The Internet is now being used for a number of commercial purposes, including purchase and rental of movie films in different media formats. One such popular website is maintained by Netflix®, where subscribers can search, review and select movie titles (in DVD media format). If a particular title is available, the subscriber's choice is then placed into a rental selection “queue.” During an interactive online session, a subscriber can select a number of titles, and then prioritize them in a desired order for shipment within the selection queue.
After the movie title selection session is over, the system proceeds to ship the desired tides in the order requested by the subscriber. The selections are mailed to the user in special packaging, which include return mailers pre-printed and adapted for such movie media.

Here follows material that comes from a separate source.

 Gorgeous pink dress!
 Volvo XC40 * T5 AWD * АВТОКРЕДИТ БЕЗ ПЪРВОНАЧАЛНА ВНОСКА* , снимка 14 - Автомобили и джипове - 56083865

This minimizes the inconvenience to the subscriber, but there is an indeterminate processing and mailing delay therefore associated with each selection. In most instances, a selection is mailed the same day, but even in such cases, there is typically a three day transaction period associated between the selection, processing, shipment, mail transit and receipt of a particular title.
After shipment, these titles then appear in a list identified essentially as items that are outstanding (i.e., movies that have not yet been returned by the user) within a “titles out” queue. Under one option of the Netflix terms of service, the system places a limit on the number of outstanding titles that a subscriber may have at any one time (typically, a function of the level of service agreement, with more $$/month resulting in more titles). Thus, if the user selects more movies than they can acquire at one time, the remaining movie titles remain as un-shipped items in the rental selection queue. Additional titles in the rental selection queue are only shipped to the user after the system logs a returned item from that same user. This happens automatically, so the user does not need to return to the Netflix website to request the shipment. At the same time, however, the user is not consulted in the decision to ship the next item; it happens without his/her approval or advance notice.
The aforementioned system is further described in U.S. Pat. No. 6,584,450, which is hereby incorporated by reference. The '450 patent explains the above policy in terms of a “MAX” out approach for servicing rental customers. Notably, the aforementioned disclosure also mentions that the MAX out approach can only be altered under certain exceptions, such as where the customer agrees to pay a surcharge.
A limitation of the aforementioned system is that while the system automatically ships the next items in the rental queue it fails to consider whether the user may in fact want to “veto” the next item in the queue, either because their tastes have changed, or if they might have already seen the title. As users sometimes fill up their request queues months in advance with dozens of titles, and they typically only see 6-8 movies per month, there is a strong possibility that one more of such titles will be stale after several months.
A further limitation, of course, is that the user must always return another title before the next title in their queue is shipped to them. While this is somewhat useful for inventory tracking purposes, the user is handicapped by the fact that after they posit the returned title in the mail, they have little or no control over how quickly or accurately such return will be processed by the mail, or the rental service.
Finally, it is conceivable that on many occasions, from the perspective of the service provider, it will be desirable to ship another title to a customer, regardless of a status of their delivery queue, and without applying a surcharge. In other words, in order to promote certain titles, retain certain customers, or balance supply/demand, a service provider may want to automatically ship more than the “Max Out” figure to a particular customer, based on some triggering event.